Read El hombre de la pistola de oro Online
Authors: Ian Fleming
Tags: #Aventuras, Intriga, Policíaco
—¿Le gustaría ganar uno de los grandes, mil dólares? -—preguntó por fin.
—Es posible —contestó Bond. Se detuvo y añadió—: Es probable.
Y lo que quería decir en realidad era: «¡Por supuesto! Si eso ha de significar estar cerca de ti, amigo mío».
Scaramanga fumó algún tiempo más en silencio. Un coche se detuvo fuera y dos hombres subieron rápidamente por los escalones riendo. Cuando cruzaron la cortina de cuentas, los trabajadores jamaicanos dejaron de reír y se dirigieron en silencio hacia el mostrador, donde empezaron a hablar con Tiffy en susurros. Luego los dos hombres arrojaron un billete de una libra sobre la barra y, dando un amplio rodeo para no acercarse a los blancos, desaparecieron tras las cortinas del fondo de la sala. Bond oyó que sus risas comenzaban de nuevo a medida que subían por las escaleras.
Scaramanga no había apartado los ojos del rostro de Bond. Ahora le dijo, manteniendo la voz muy baja:
—Yo mismo tengo un problema. Algunos socios míos han invertido dinero en el plan de desarrollo que se está llevando a cabo en Negril, al extremo de la propiedad, en un lugar llamado Bloody Bay. ¿Lo conoce?
—Lo he visto en el mapa, está muy cerca de la bahía de Green Island.
—Eso es. Bien, yo tengo algunas acciones en el negocio, y hemos empezado la construcción del hotel Thunderbird. Ya hemos finalizado la primera planta y los salones principales y el restaurante, etcétera. Pero el auge turístico ha aflojado (los norteamericanos tienen miedo de estar tan cerca de Cuba o algo por el estilo), los bancos han empezado a tener dificultades y el dinero escasea. ¿Me sigue?
—Así que tienen las obras paralizadas.
—Exacto. Ahora tengo que abrir el hotel unos cuantos días porque viene media docena de los principales accionistas para celebrar una reunión. Sólo quieren echar una ojeada al lugar y ponernos todos de acuerdo acerca de qué haremos con el negocio. Ahora bien, como yo quiero que esos chicos se lo pasen bien, he contratado un conjunto picante de Kingston, con cantantes de calipso, bailarinas, muchas chicas, y todas esas tonterías… También podrán nadar. Y una de las atracciones del lugar será un ferrocarril a pequeña escala que se usaba para transportar la caña de azúcar. Va desde el hotel hasta la bahía de Green Island, donde tengo una embarcación Chris Roamer 44. Se puede hacer pesca submarina… Eso será otra excursión. ¿Me sigue? Quiero hacer que los chicos se lo pasen en grande.

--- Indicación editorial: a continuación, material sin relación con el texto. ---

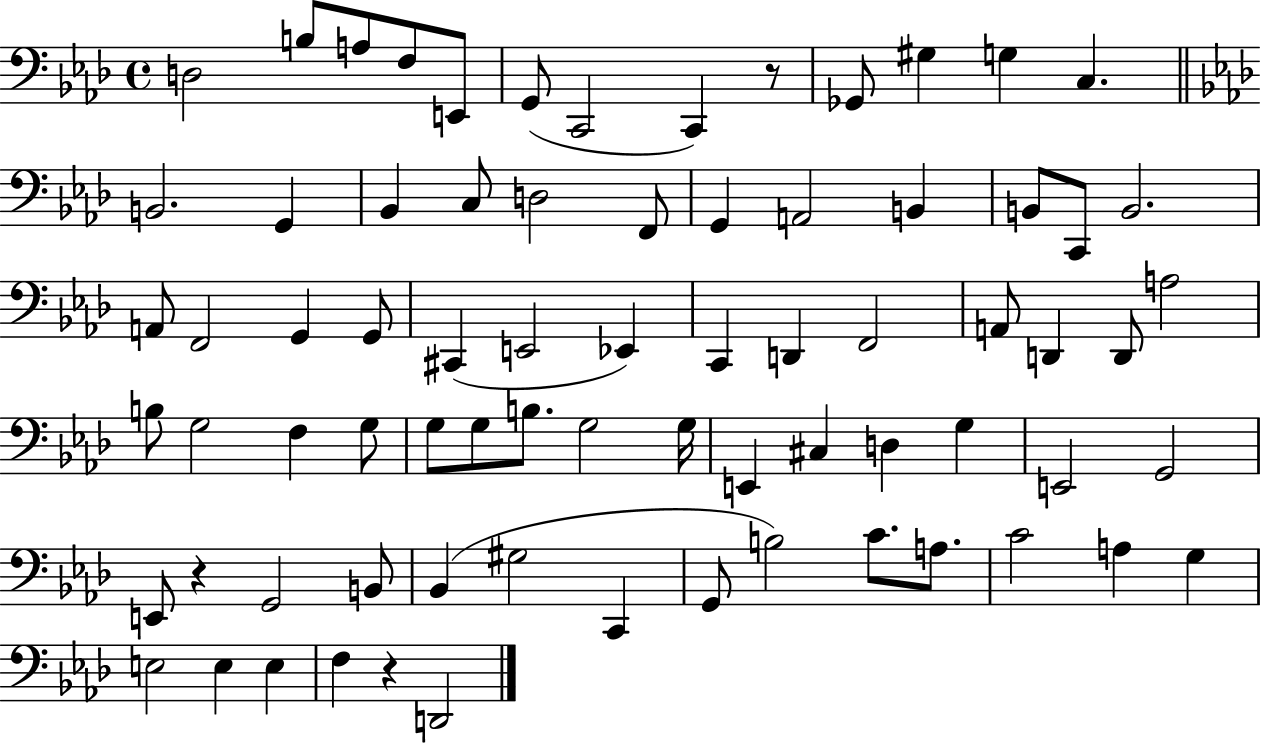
{
  \clef bass
  \time 4/4
  \defaultTimeSignature
  \key aes \major
  d2 b8 a8 f8 e,8 | g,8( c,2 c,4) r8 | ges,8 gis4 g4 c4. | \bar "||" \break \key aes \major b,2. g,4 | bes,4 c8 d2 f,8 | g,4 a,2 b,4 | b,8 c,8 b,2. | \break a,8 f,2 g,4 g,8 | cis,4( e,2 ees,4) | c,4 d,4 f,2 | a,8 d,4 d,8 a2 | \break b8 g2 f4 g8 | g8 g8 b8. g2 g16 | e,4 cis4 d4 g4 | e,2 g,2 | \break e,8 r4 g,2 b,8 | bes,4( gis2 c,4 | g,8 b2) c'8. a8. | c'2 a4 g4 | \break e2 e4 e4 | f4 r4 d,2 | \bar "|."
}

—De manera que ellos se entusiasmen y le compren su parte de las acciones, ¿verdad?
Scaramanga frunció el ceño con irritación.
—No pienso pagarle uno de los grandes para que saque algunas ideas equivocadas. Ni siquiera una idea.
—Entonces, ¿para qué?
Durante un momento, Scaramanga continuó con su rutina de fumador, con los pequeños pilares de humo desvaneciéndose una y otra vez en el interior de sus negras fosas nasales. Eso parecía relajarle. Luego su frente se despejó.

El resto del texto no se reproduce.